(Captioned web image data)

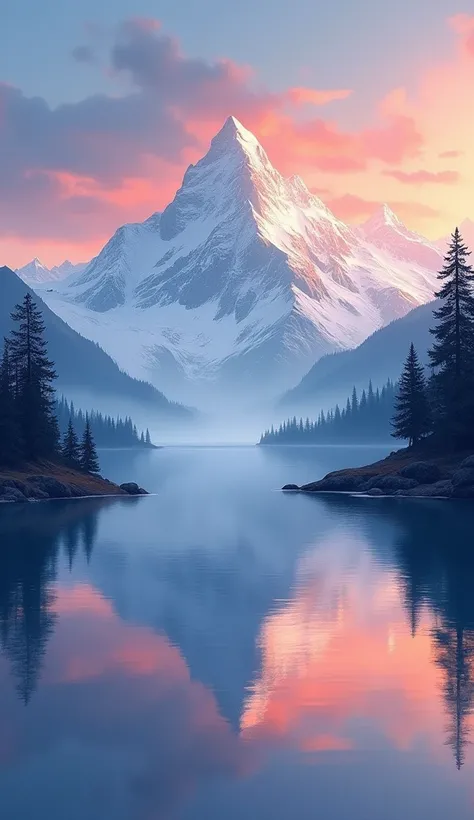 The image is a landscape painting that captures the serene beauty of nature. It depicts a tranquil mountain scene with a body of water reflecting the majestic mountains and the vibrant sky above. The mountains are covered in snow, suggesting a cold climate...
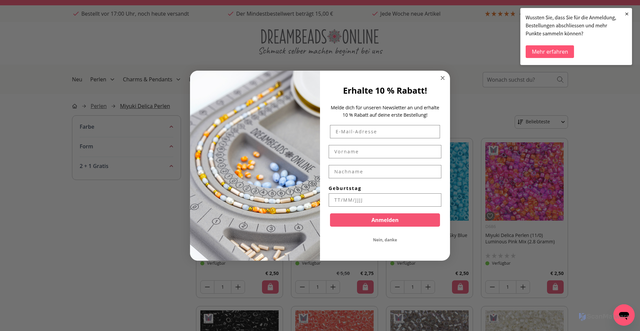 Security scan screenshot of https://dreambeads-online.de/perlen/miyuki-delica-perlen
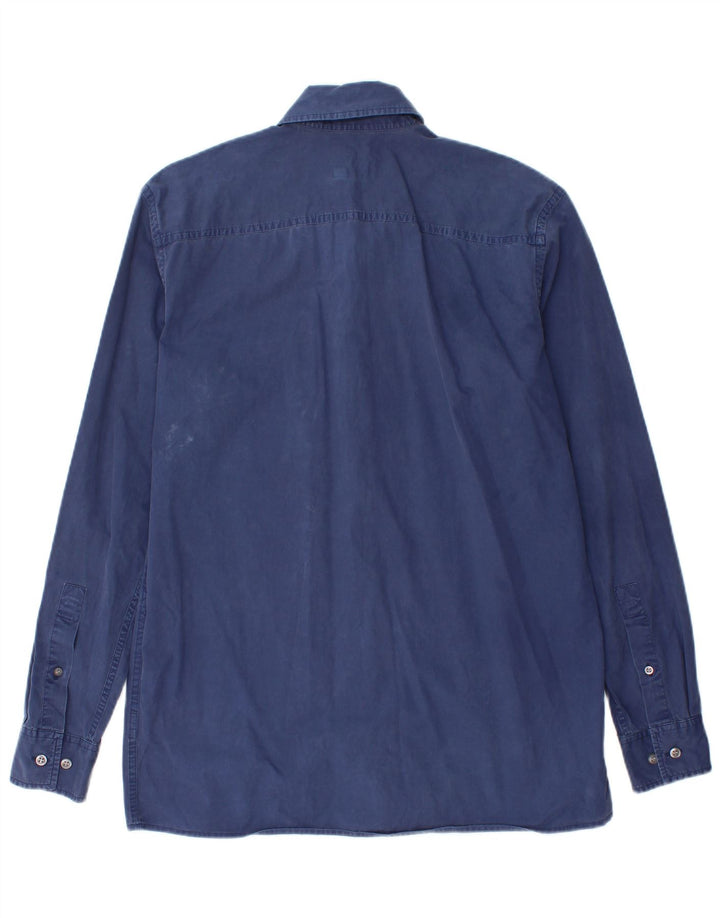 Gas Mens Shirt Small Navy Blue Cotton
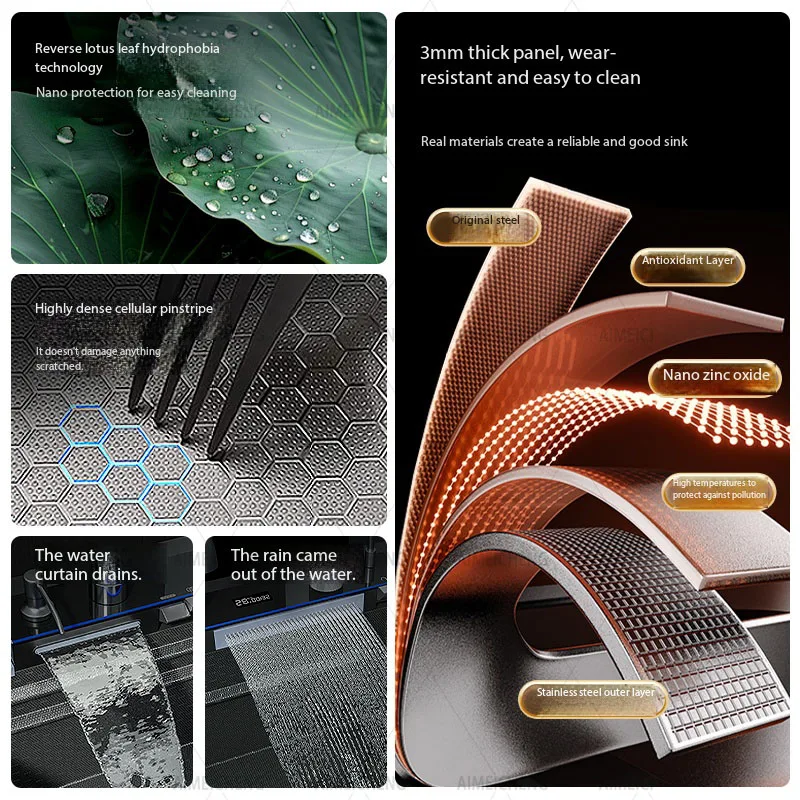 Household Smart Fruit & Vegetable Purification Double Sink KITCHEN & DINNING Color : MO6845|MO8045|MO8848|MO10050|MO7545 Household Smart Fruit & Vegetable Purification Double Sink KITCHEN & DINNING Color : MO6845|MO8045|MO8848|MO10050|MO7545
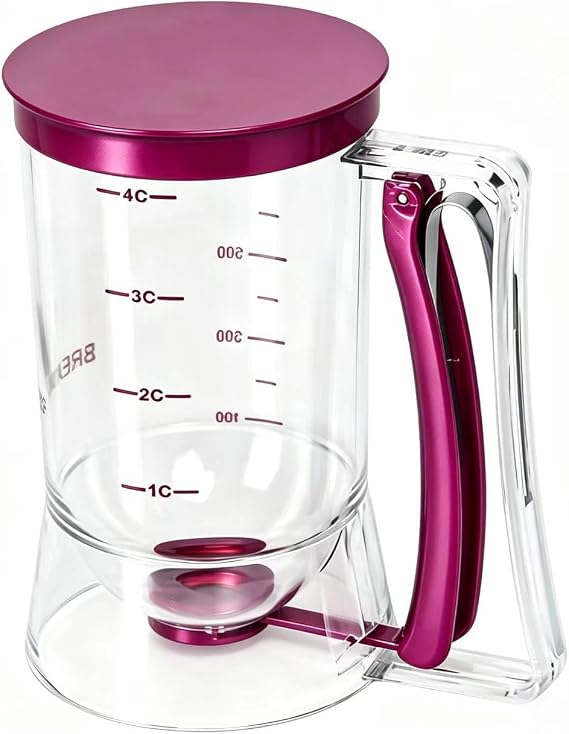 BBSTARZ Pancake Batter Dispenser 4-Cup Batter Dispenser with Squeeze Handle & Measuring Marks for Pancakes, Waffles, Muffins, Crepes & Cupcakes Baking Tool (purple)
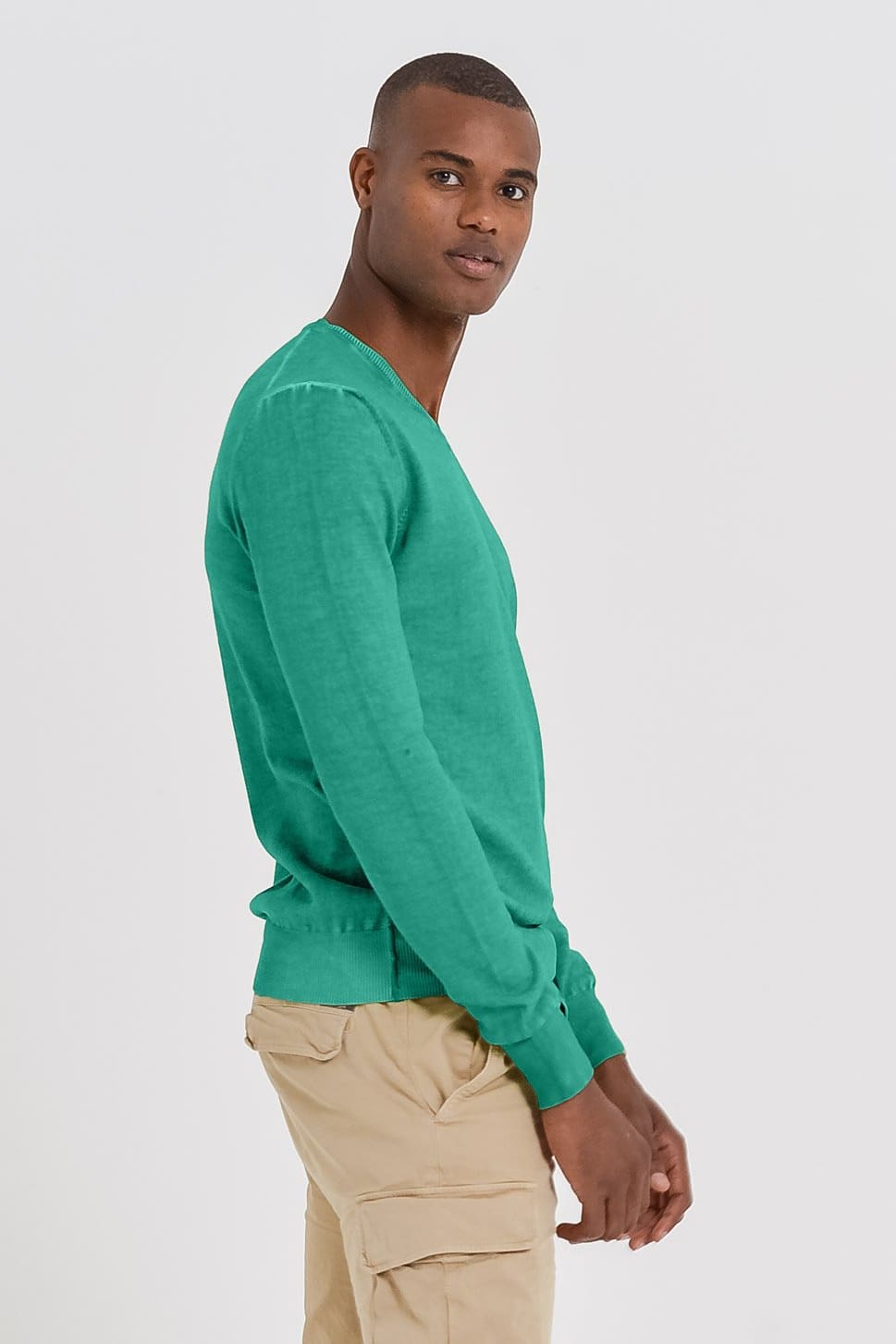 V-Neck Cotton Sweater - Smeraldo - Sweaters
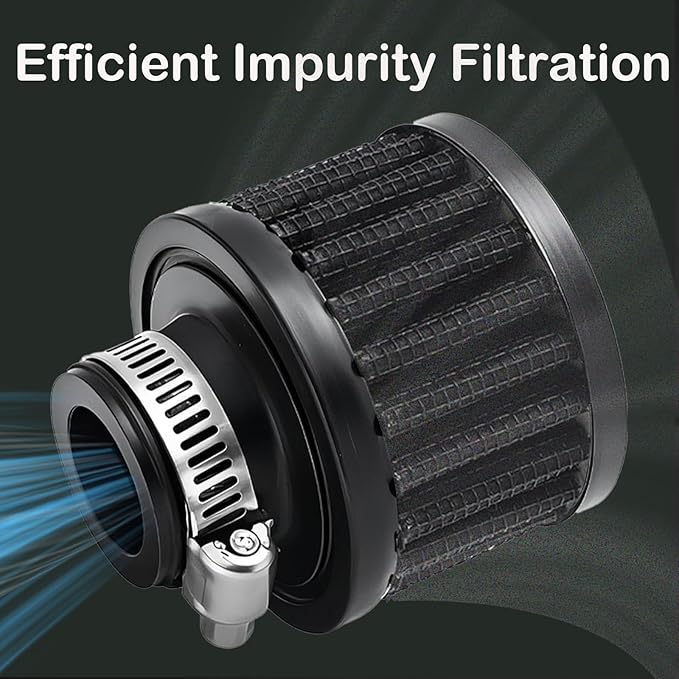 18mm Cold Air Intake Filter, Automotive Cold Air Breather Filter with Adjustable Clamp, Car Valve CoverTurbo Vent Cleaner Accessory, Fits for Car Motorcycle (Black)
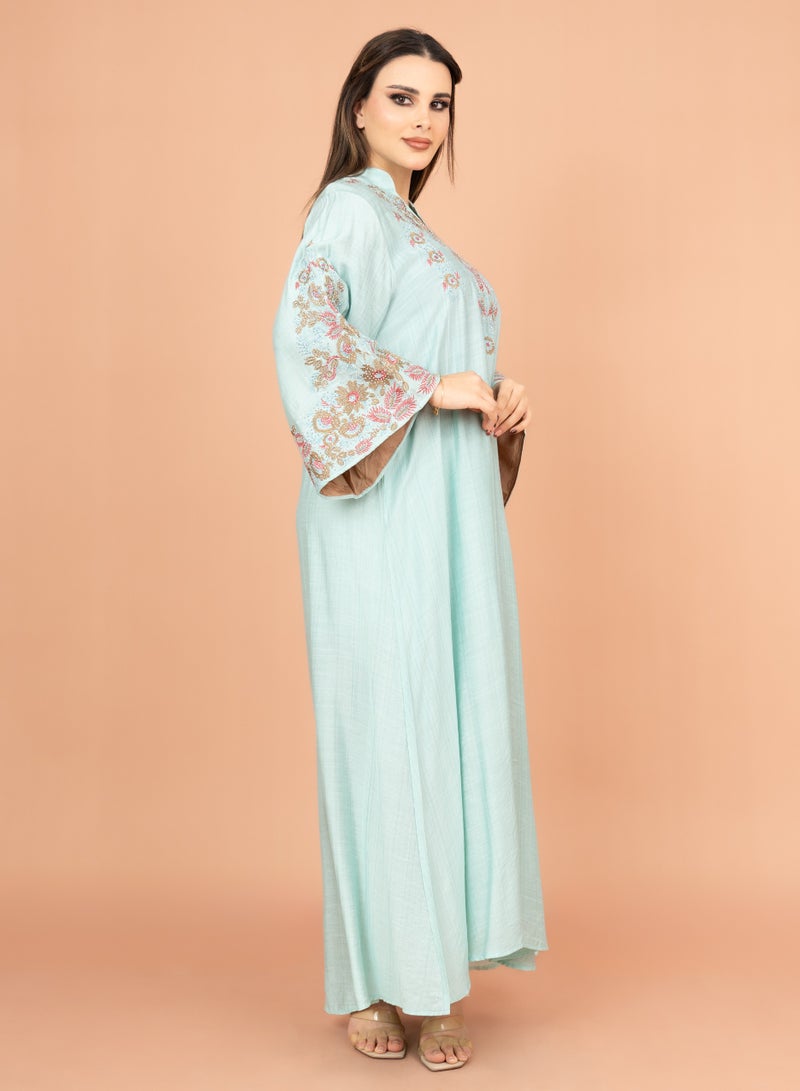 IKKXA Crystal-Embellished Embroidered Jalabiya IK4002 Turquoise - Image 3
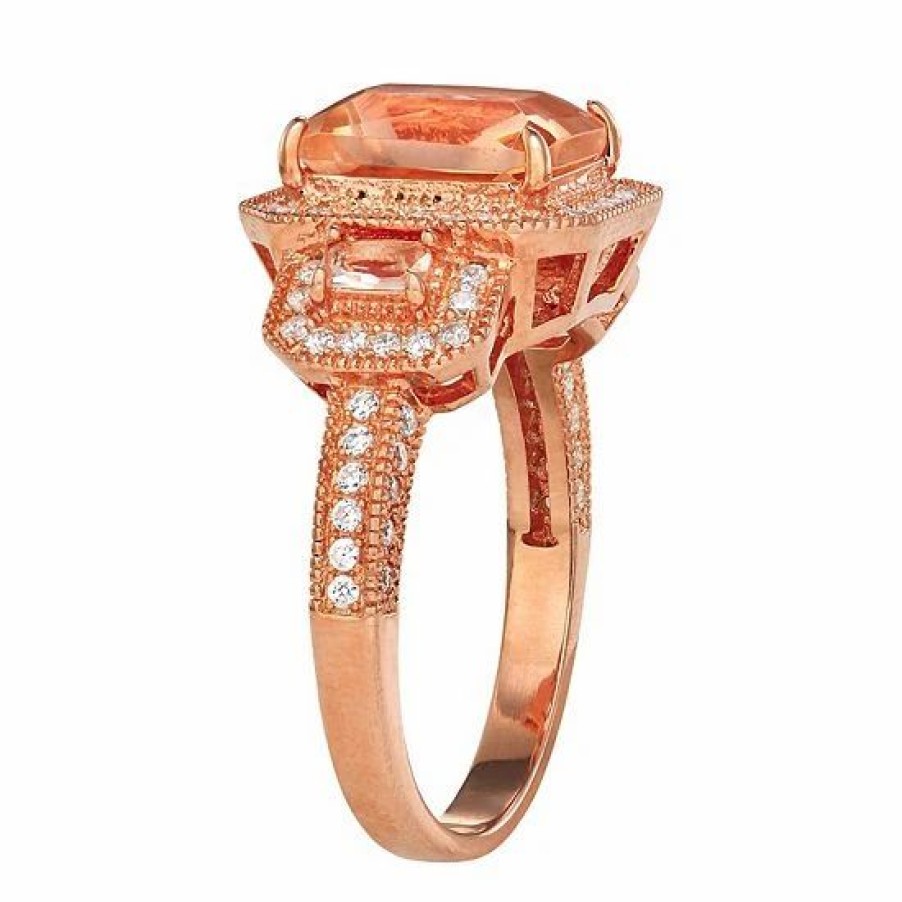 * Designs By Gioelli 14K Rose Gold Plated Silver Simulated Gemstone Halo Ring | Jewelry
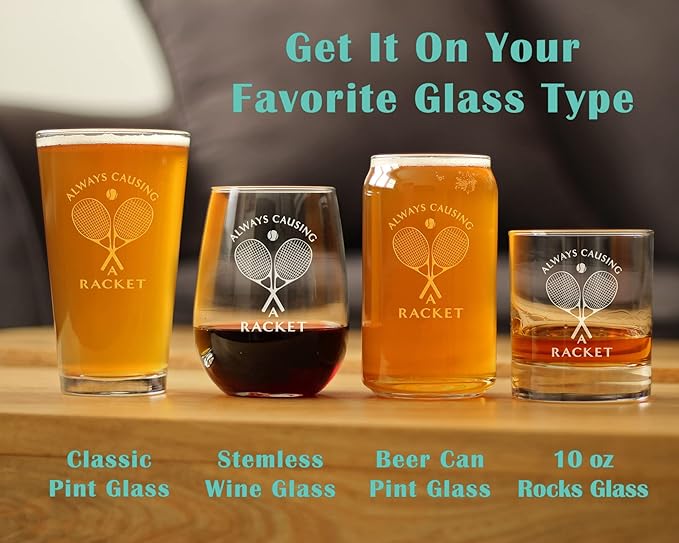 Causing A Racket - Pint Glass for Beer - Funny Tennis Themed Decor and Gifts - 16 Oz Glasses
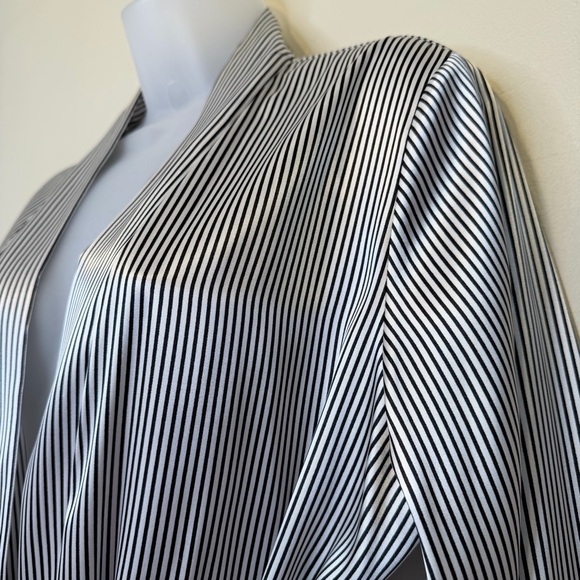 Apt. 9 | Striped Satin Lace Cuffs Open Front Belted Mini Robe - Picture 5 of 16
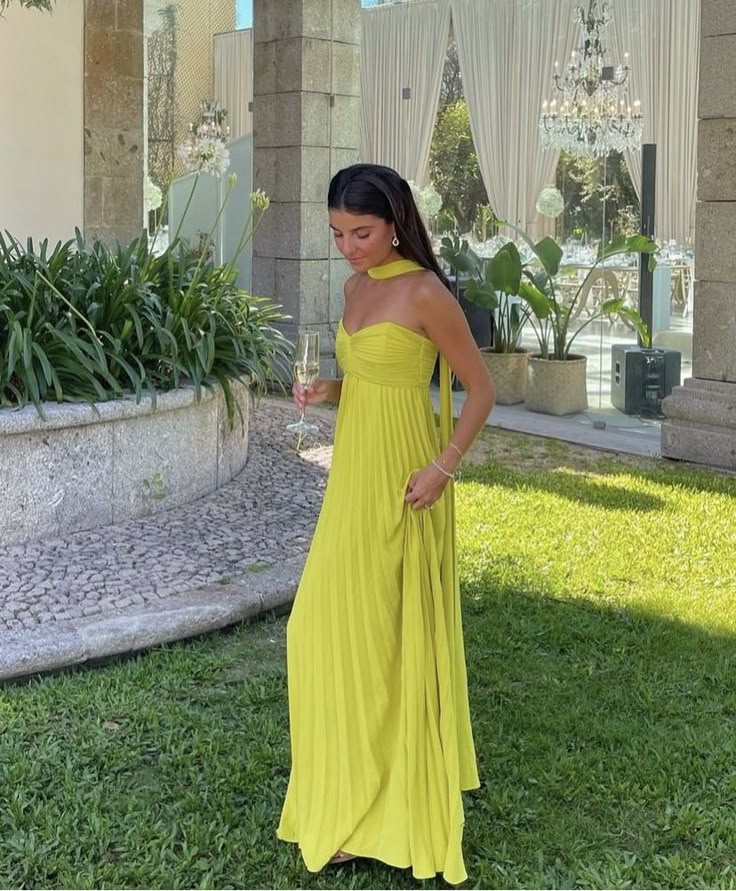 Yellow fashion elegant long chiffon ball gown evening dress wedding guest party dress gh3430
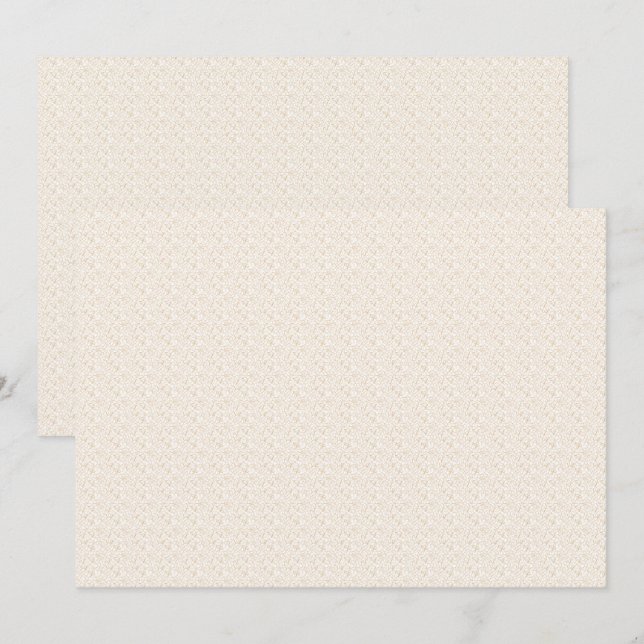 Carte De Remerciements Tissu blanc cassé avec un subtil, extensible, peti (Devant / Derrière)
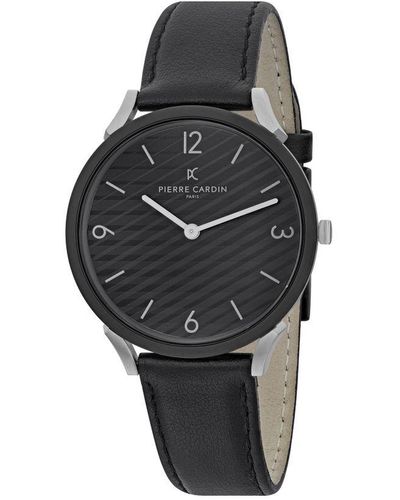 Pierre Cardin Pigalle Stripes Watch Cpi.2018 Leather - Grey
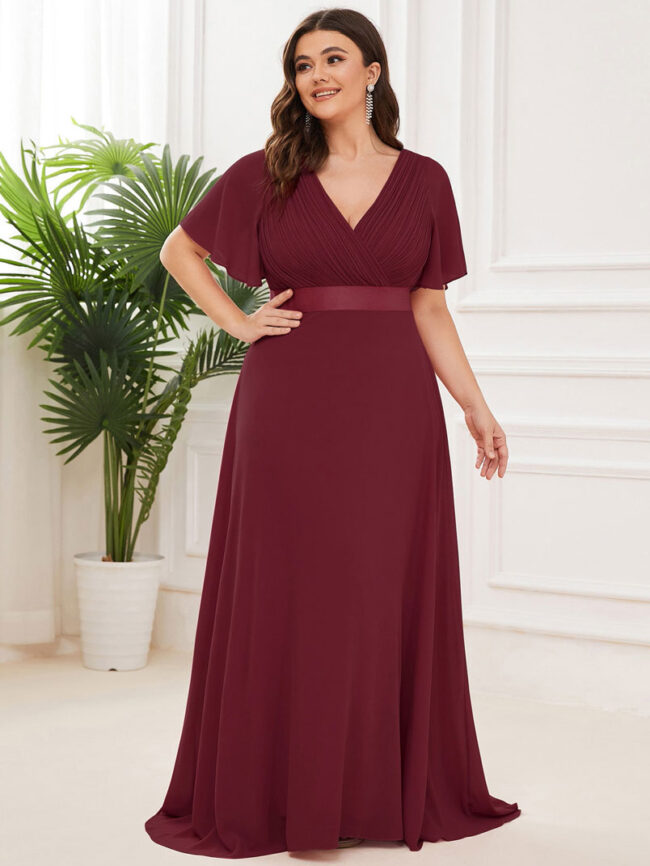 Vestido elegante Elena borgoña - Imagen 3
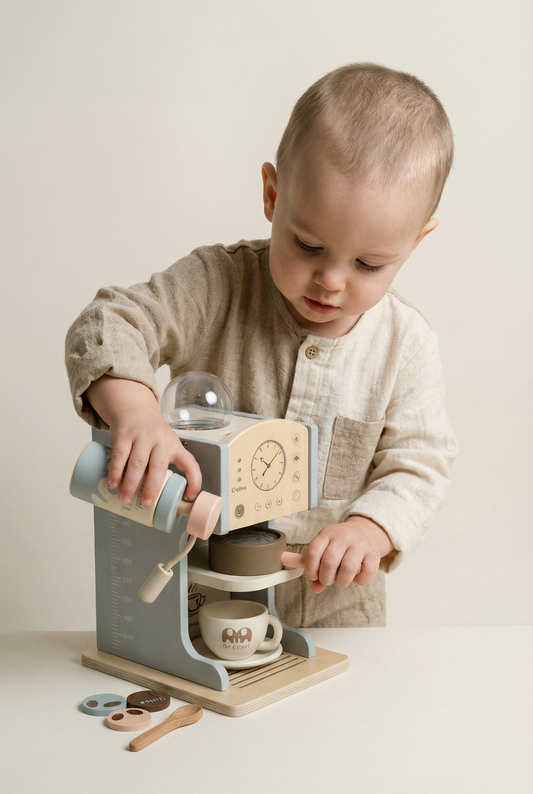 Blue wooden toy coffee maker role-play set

• [Task to carry out] The lines to copy begin with the one containing "18mm Cold Air" and end with the last line of the entries above; copy them exactly, minus the pictures.

• [Response below]
 18mm Cold Air Intake Filter, Automotive Cold Air Breather Filter with Adjustable Clamp, Car Valve CoverTurbo Vent Cleaner Accessory, Fits for Car Motorcycle (Black)
 IKKXA Crystal-Embellished Embroidered Jalabiya IK4002 Turquoise - Image 3
 * Designs By Gioelli 14K Rose Gold Plated Silver Simulated Gemstone Halo Ring | Jewelry
 Causing A Racket - Pint Glass for Beer - Funny Tennis Themed Decor and Gifts - 16 Oz Glasses
 Apt. 9 | Striped Satin Lace Cuffs Open Front Belted Mini Robe - Picture 5 of 16
 Yellow fashion elegant long chiffon ball gown evening dress wedding guest party dress gh3430
 Carte De Remerciements Tissu blanc cassé avec un subtil, extensible, peti (Devant / Derrière)
 Pierre Cardin Pigalle Stripes Watch Cpi.2018 Leather - Grey
 Vestido elegante Elena borgoña - Imagen 3
 Blue wooden toy coffee maker role-play set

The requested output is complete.